各種設定・Ⅰ


■魔王

 勇者の相手をする「役職」を指します。
 魔界の王、魔族|《悪魔》の王という意味合いはありません。

 ただし、それはあくまで魔族側の考えで、人間からは後者だと思われています。
 そのため勇者は「魔族の王である」魔王をラスボスだと信じ、魔王を退治しに来る者は後を絶ちません。
 実際には魔王を倒したところで次の魔王が就任するだけなのですが。
 そうして何百年も何千年も、倒しても倒しても魔王は存在し続けてきました。



 居城は人間界にあるノイシュタイン城です。
 俗称は「悪魔の城」。
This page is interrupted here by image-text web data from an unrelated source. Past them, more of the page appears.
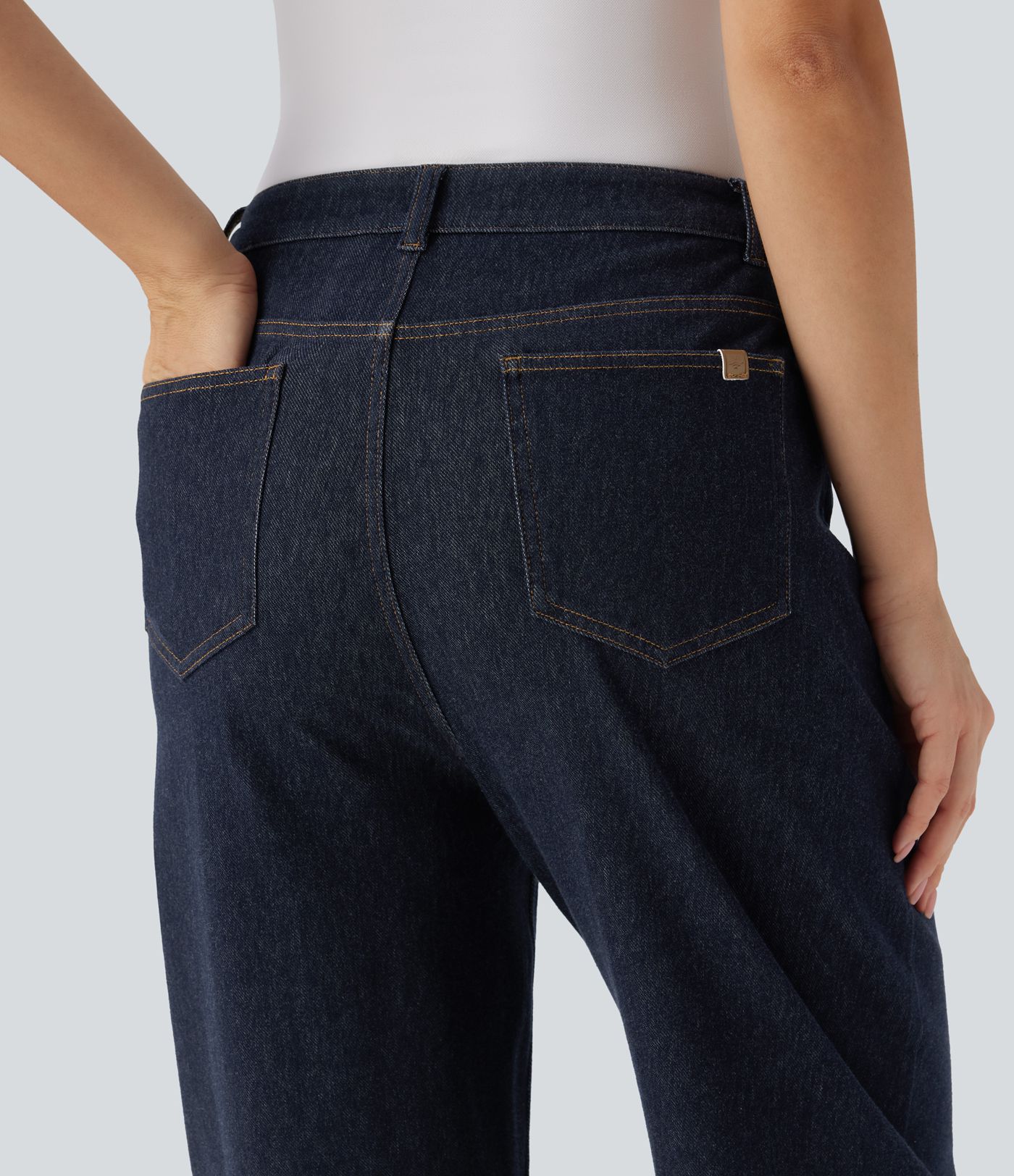 Halara Flex™ Water-Repellent Oil-Resistant High Waisted Barrel Leg Casual Jeans with Pockets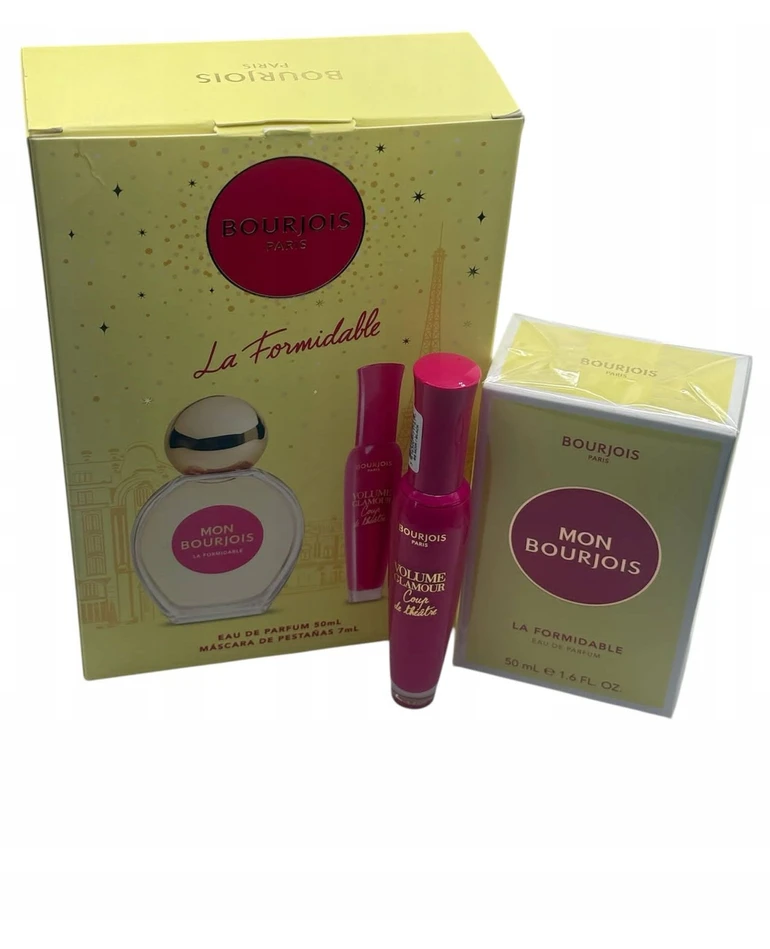 Set Bourjois: La Formidable Eau De Parfum For Women, 50 ml + Volume Glamour Blakstienų tušas Juodas, 7 ml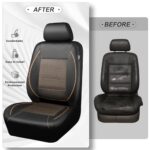 Premium PU Leather Car Seat Covers Full Set | Universal Fit | Airbag Safe | Black Gold - Image 6
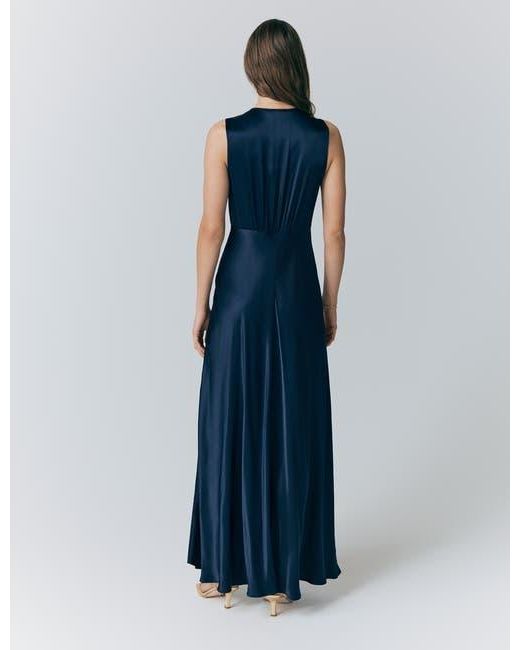 Ghost Women's Blue River V Neck Button Satin Maxi Dress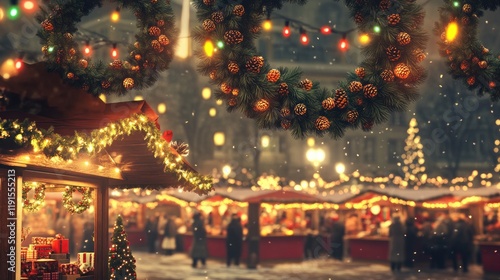 Wallpaper Mural Festive Christmas Market with Wreaths and Lights in a Snowy Evening Scene Torontodigital.ca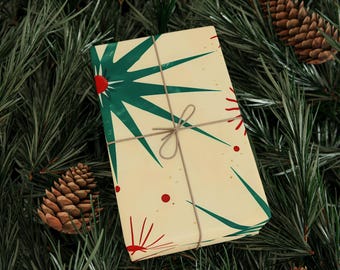 Wrapping Papers, Starburst Design Gift Wrap for All Occasions, Eco-Friendly Birthday Packaging, Colorful Mid Century Modern Decor
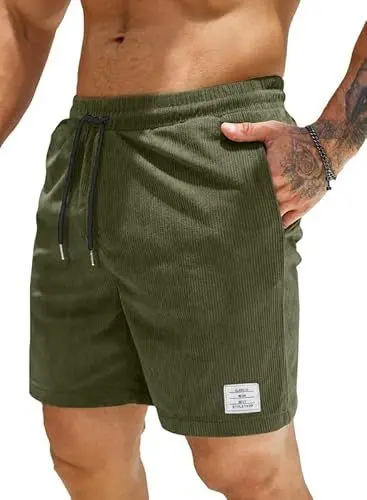 Produktbild: JMIERR Herren Corduroy Short 2024 Sommer Leinen Stretch Baumwolle Kurze Hose mit Taschen Grün M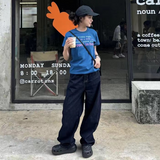 Flytonn-Autumn Women Harajuku Cargo Baggy Blue Jeans Streetwear Hip Hop Oversize Casual Wide Leg Vintage Y2k Loose Trousers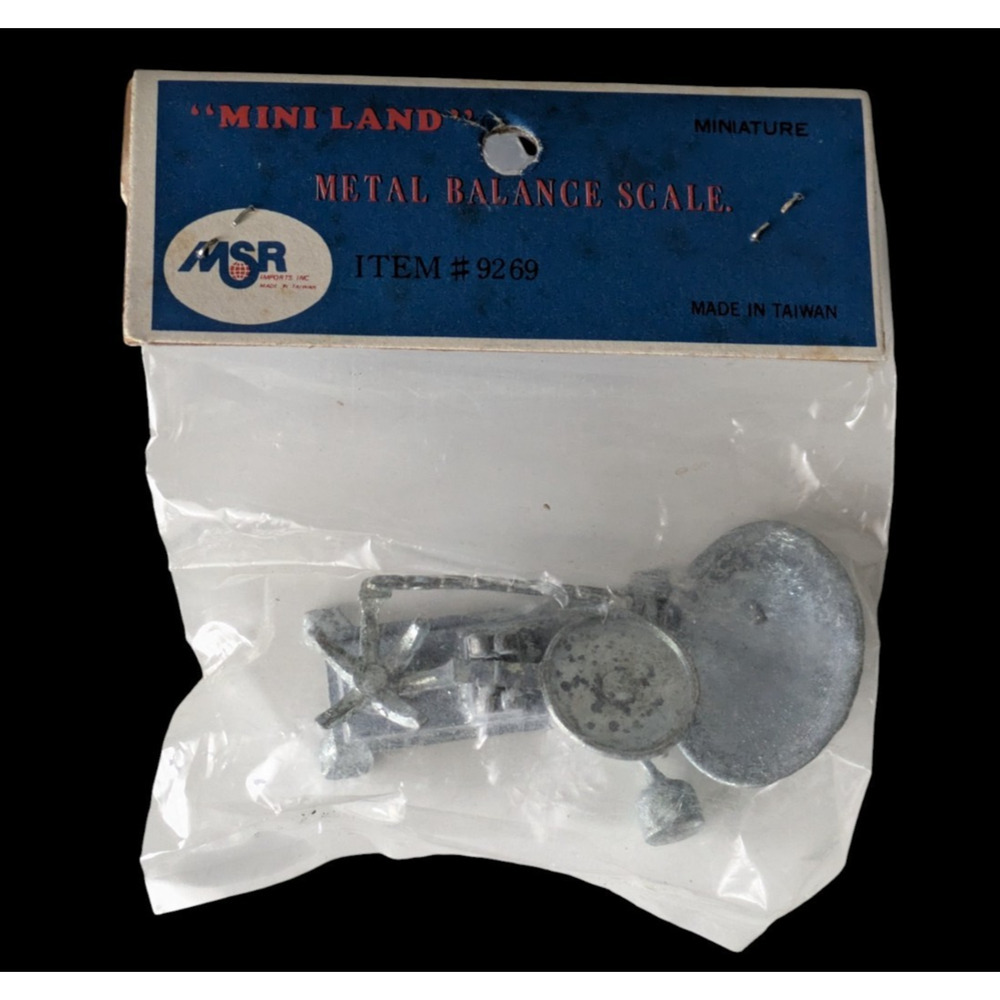 Vintage MSR Mini Land Metal Balance Scale New Miniature Doll House Furniture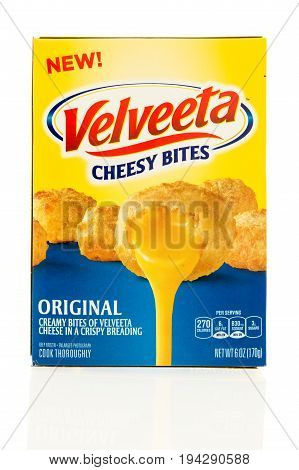 Winneconne WI - 7 July 2017: A box Velvetta cheesy bites on an isolated background.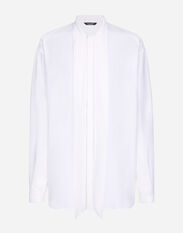 Dolce & Gabbana Crepe de chine silk shirt with scarf detail White GY6IETGG868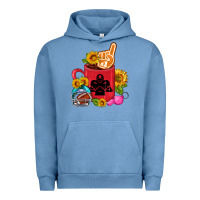Pigment Pebble Blue Western Football Coffee cup Urban Hoodie - FaDigitalArtStudio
そのままですね。

 これは「勇者専用窓口」である魔王が勇者に見つかりやすくするためのものです。言いかえれば「実際に人間を狩っている魔族」は魔界にいるため、人間側からは見つけにくくなっています。

 ノイシュタイン城は領主の居城としての面も持っています。
 (※詳しくはノイシュタイン城の項目に書きます)



 魔王はノイシュタイン城城下町及び近隣町村の領主という別の顔を持っています。
 これは今に限ったことではなく、代々の魔王にずっと受け継がれてきていることでもあります。

 ただ、歴代の魔王は魔族の自負もあってか、人間と必要以上に慣れ合うことはありませんでした。
 いつか狩って食べてしまう対象に情が移らないようにしたのかもしれません。
 それが領民側からすれば「自分達に関心の無いただそこにいるだけの領主」という印象しか与えませんでした。

 ですので、青藍のようにこまめに城下に顔を出す領主は珍しく、また見た目が若いこともあって、領民(特に奥様方)から可愛がられています。



 領主が頻繁に代替わりすることについては、

 ・領主一族は、遠い場所に住んでいる。
 ・ノイシュタイン周辺は領主の本邸から遥か遠方にあるので、ひとりで来ることが多い。
 ・領地が他にもあるのでノイシュタインだけにかまけてはいられない。城主が替わるのは、帰らざるを得なくなった前城主の代わりに一族から他の誰かが来るから。

 ……というのが、城下の民側で信じられている見解です。
 城下の者と全く交流がないまま「悪魔の城」に住んでいれば、悪魔の仲間ではないか、などと疑われる恐れがあるから、という説もあります。
 いろいろと疑わしいことは多いのですが、もう何百年も何千年もそうなのだから、と城下町側が無理矢理納得することで平和は保たれています。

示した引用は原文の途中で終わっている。